Problem. Where an entry holds an image, leave the image out; otherwise reproduce the entry exactly.

Given data.
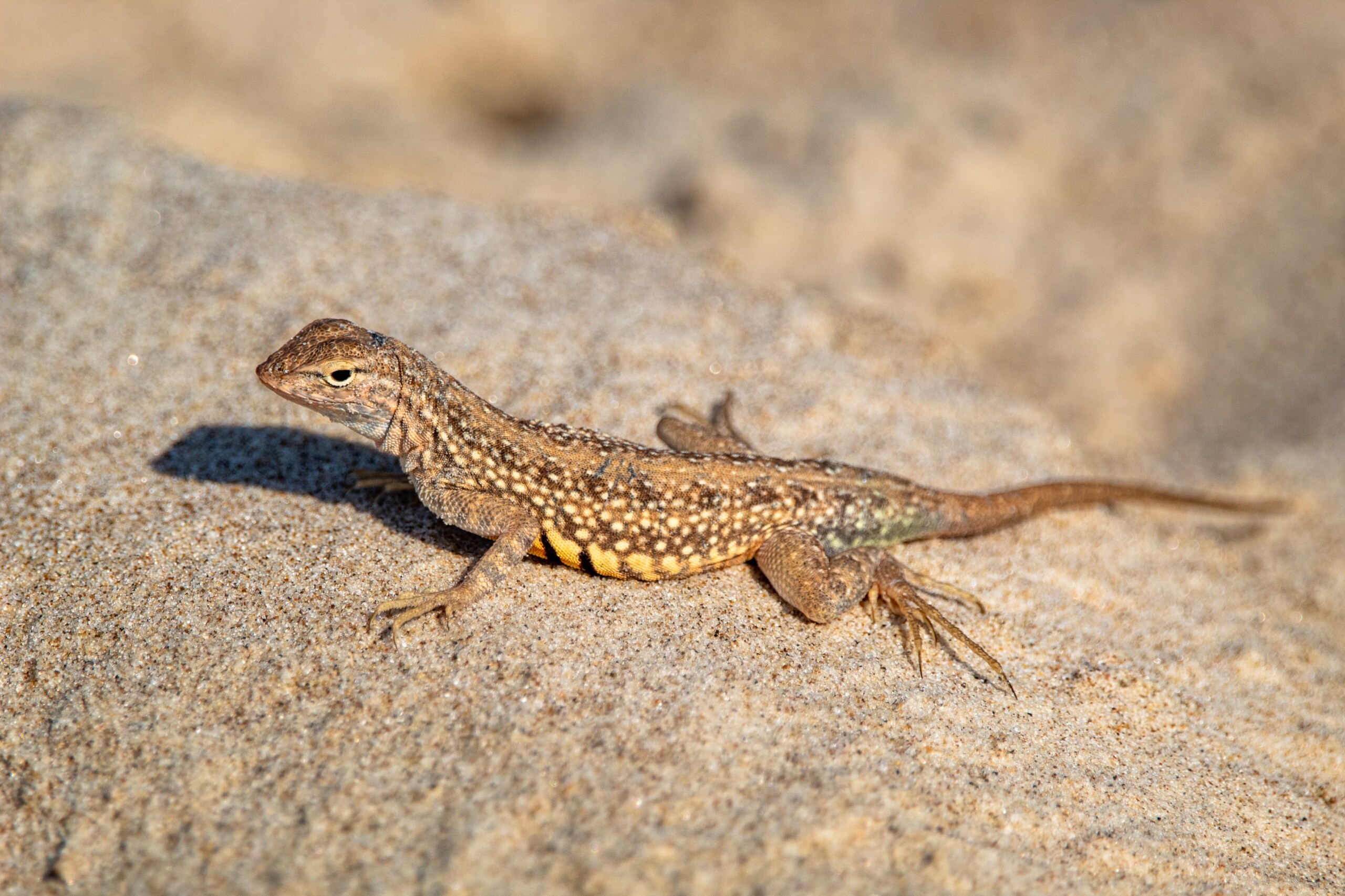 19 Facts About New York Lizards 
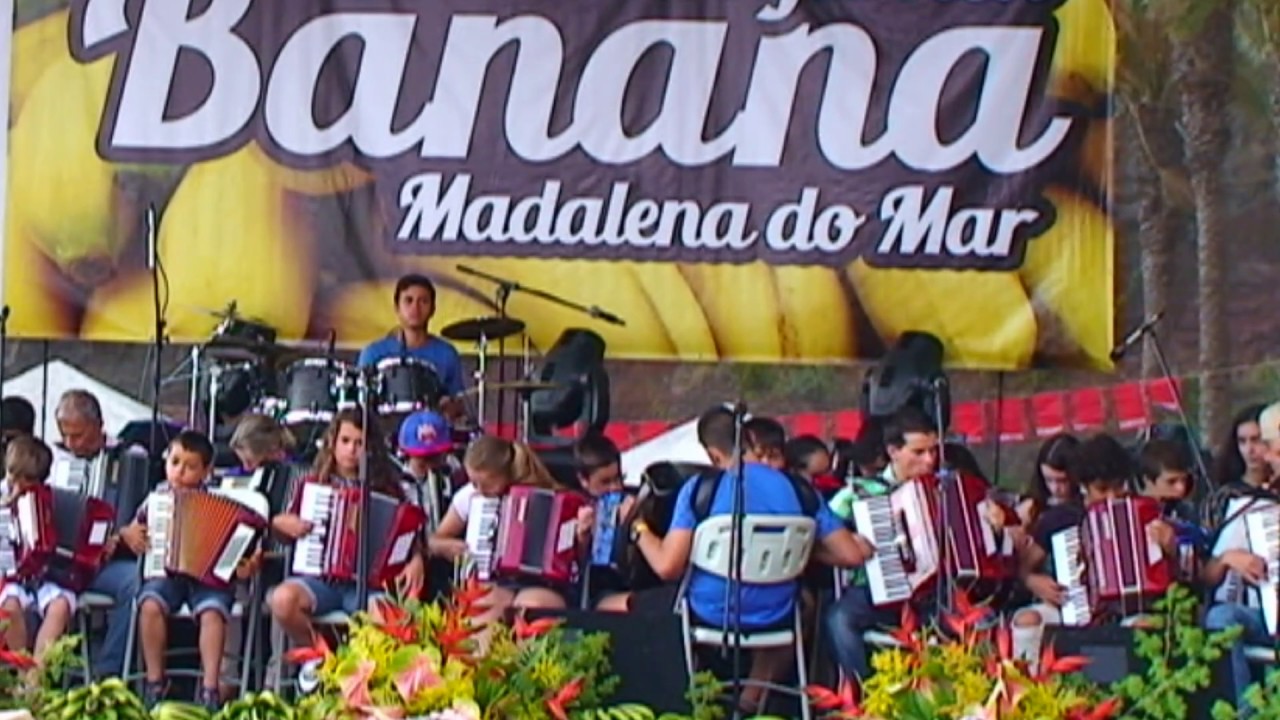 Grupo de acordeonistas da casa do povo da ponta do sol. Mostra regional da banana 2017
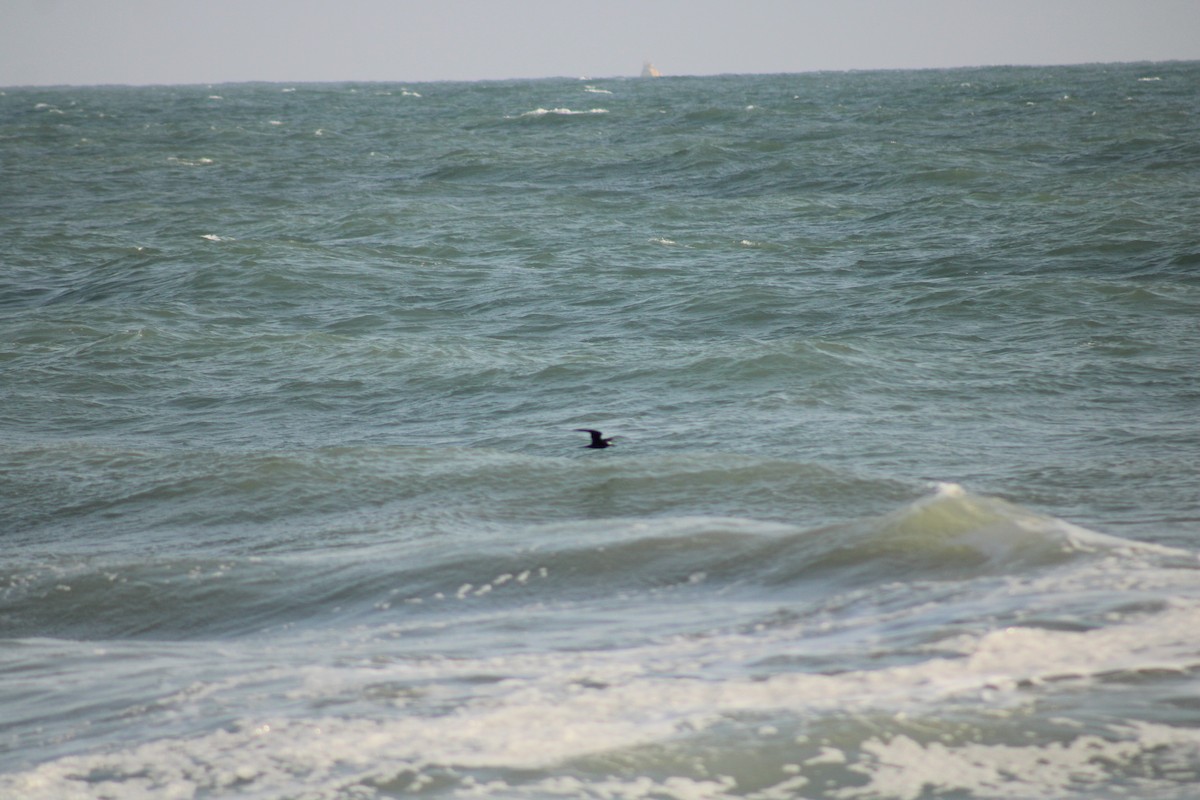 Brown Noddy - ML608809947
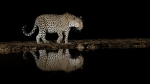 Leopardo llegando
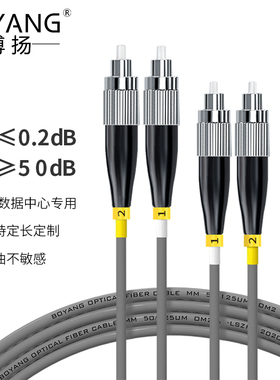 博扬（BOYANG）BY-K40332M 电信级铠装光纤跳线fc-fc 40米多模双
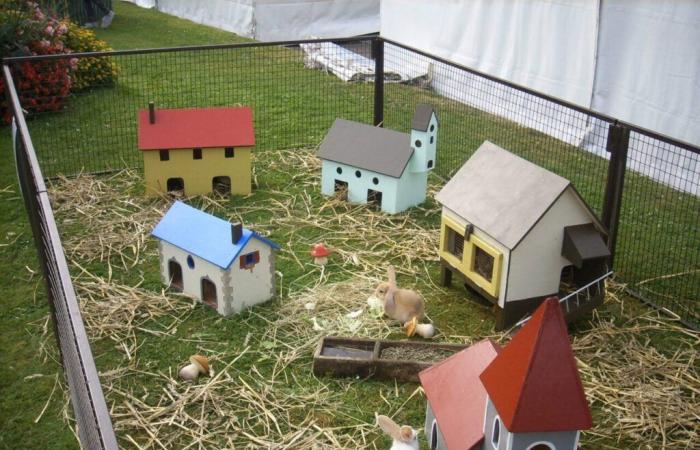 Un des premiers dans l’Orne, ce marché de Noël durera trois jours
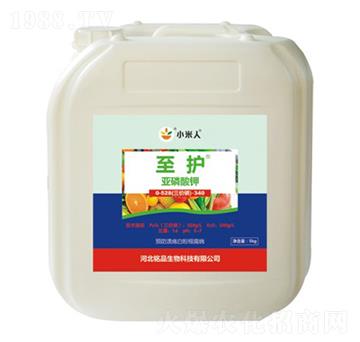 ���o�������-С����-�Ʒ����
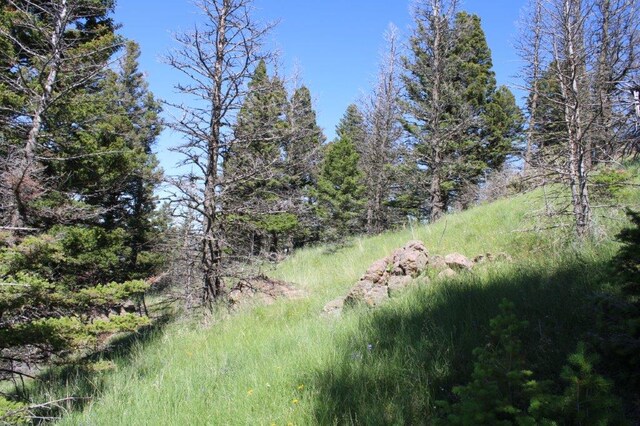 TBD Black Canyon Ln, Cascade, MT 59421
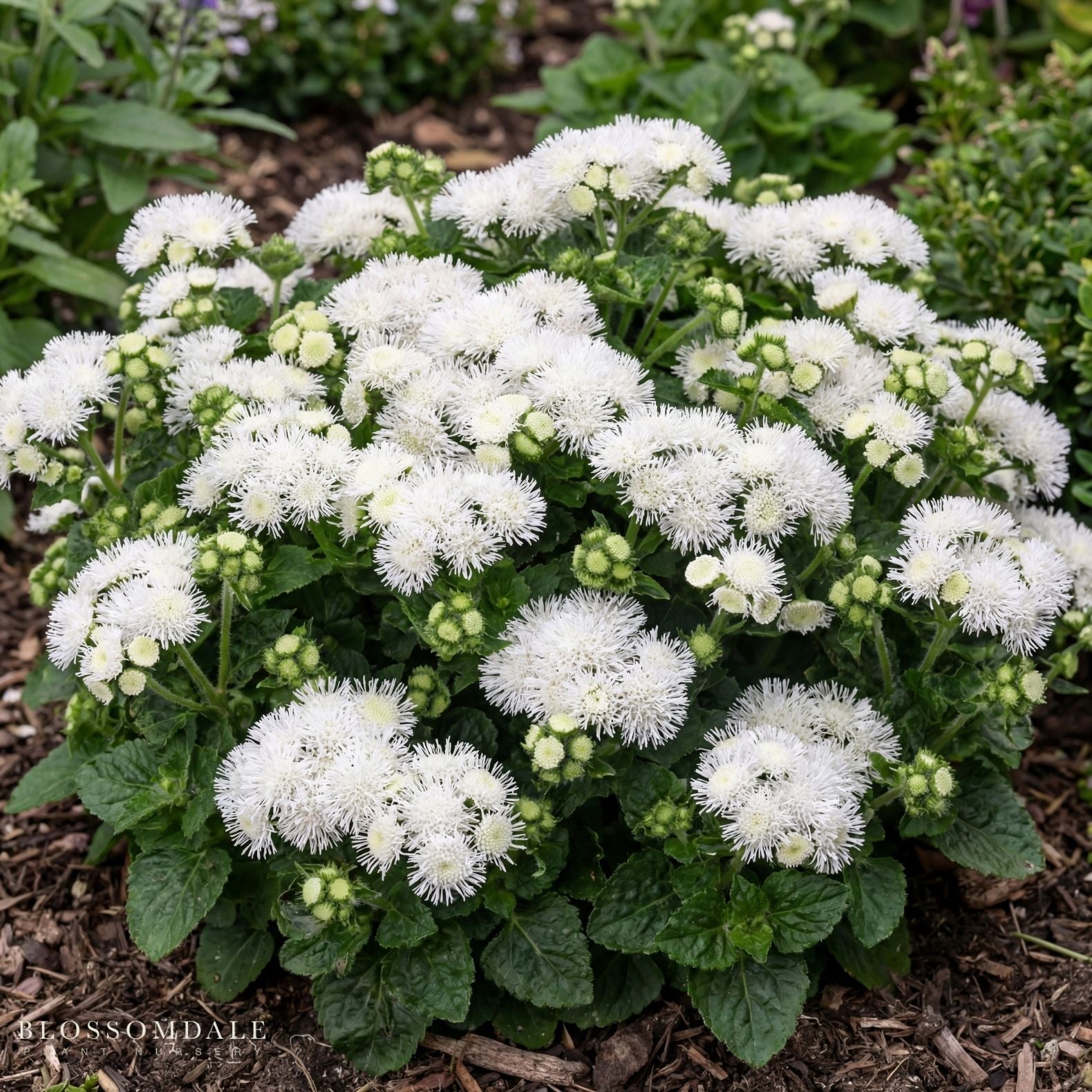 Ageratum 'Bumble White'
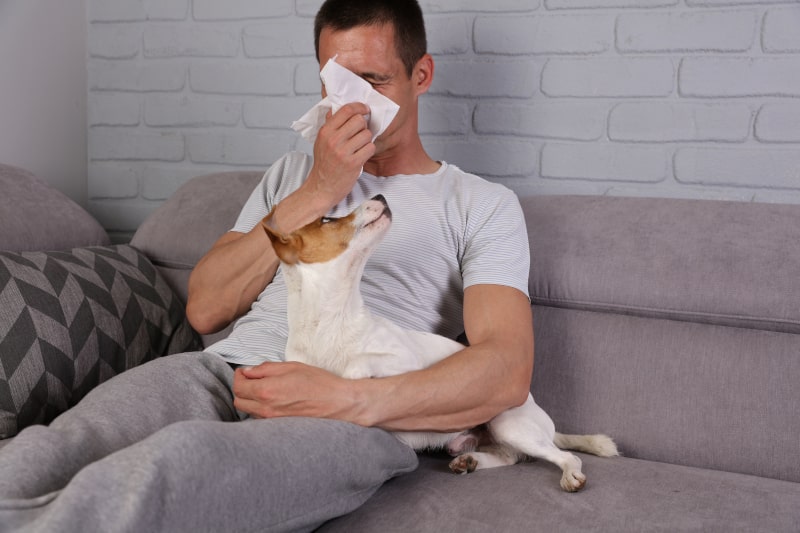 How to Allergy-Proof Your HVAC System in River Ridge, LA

Solution for this problem.
 19 Facts About New York Lizards 
 Grupo de acordeonistas da casa do povo da ponta do sol. Mostra regional da banana 2017
 Brown Noddy - ML608809947
 Leopardo llegando
 博扬（BOYANG）BY-K40332M 电信级铠装光纤跳线fc-fc 40米多模双
 Un des premiers dans l’Orne, ce marché de Noël durera trois jours
 ���o�������-С����-�Ʒ����
 TBD Black Canyon Ln, Cascade, MT 59421
 Ageratum 'Bumble White'
 How to Allergy-Proof Your HVAC System in River Ridge, LA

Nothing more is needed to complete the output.